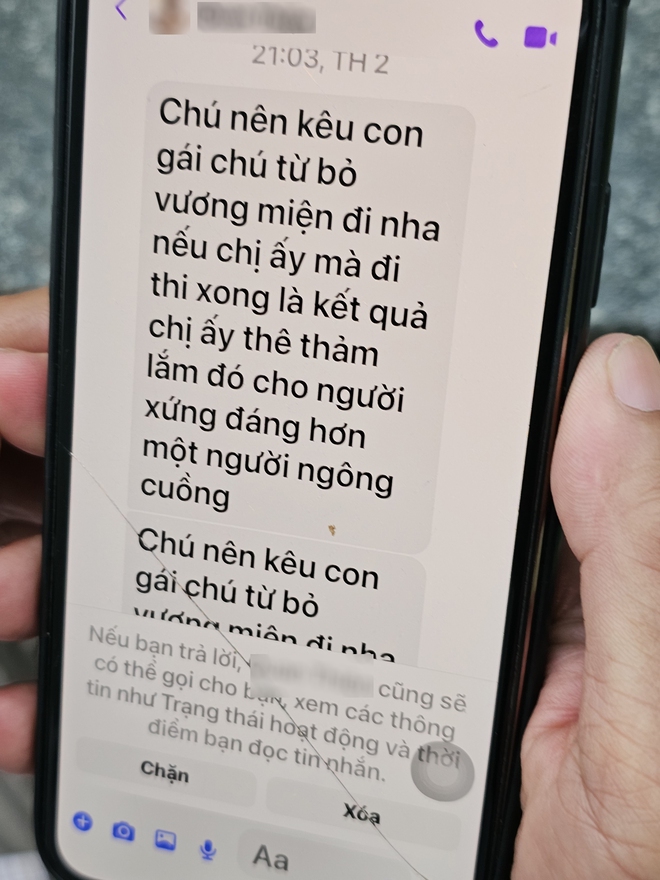 Bố Ý Nhi nghẹn ngào tiết lộ nhận loạt tin nhắn yêu cầu con gái từ bỏ vương miện: \'\'Thú thực là tôi rất buồn...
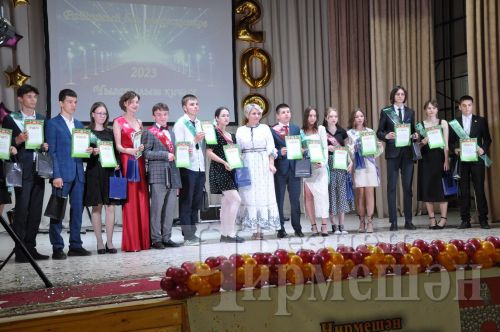 Чирмешәндә районкүләм чыгарылыш кичәсе узды (ФОТОРЕПОРТАЖ)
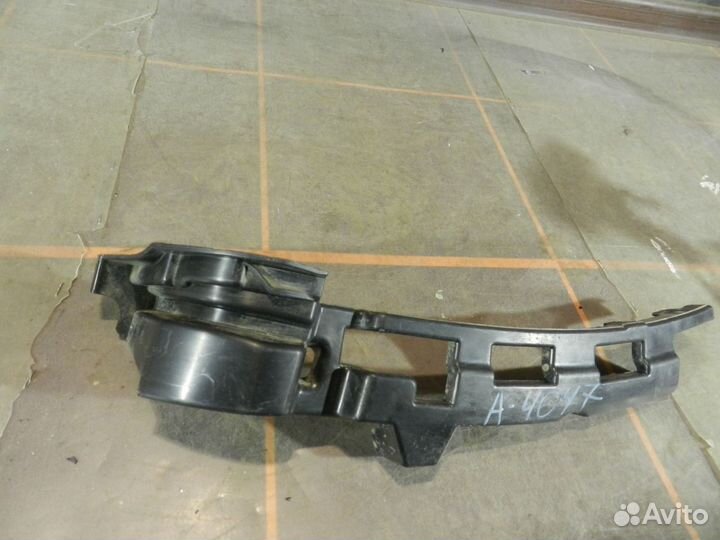 Кронштейн бампера правый-Mercedes-Benz GLA-X156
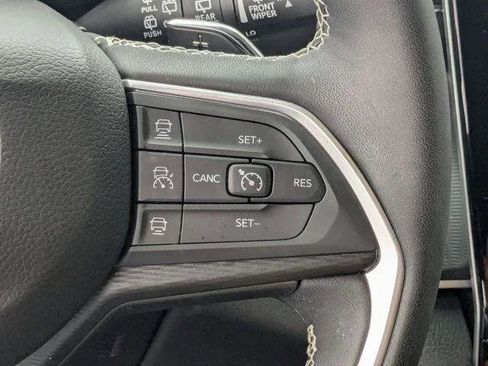 Certified 2023 Jeep Grand Cherokee Altitude AWD/4WD image 16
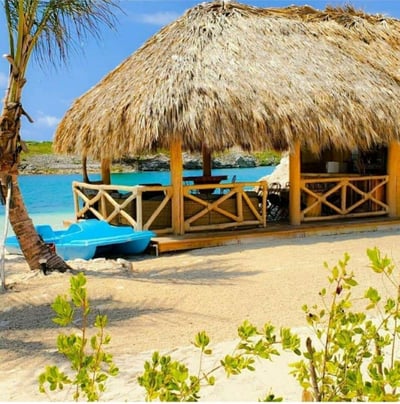 Luxury Villa Photo #30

━━━━

The lines from the one holding "Certified 2023 Jeep" through the end of the material above are to be echoed exactly, both ends included. Do not include pictures.

RESULT OF THIS TASK ▸
 Certified 2023 Jeep Grand Cherokee Altitude AWD/4WD image 16
 Luxury Villa Photo #30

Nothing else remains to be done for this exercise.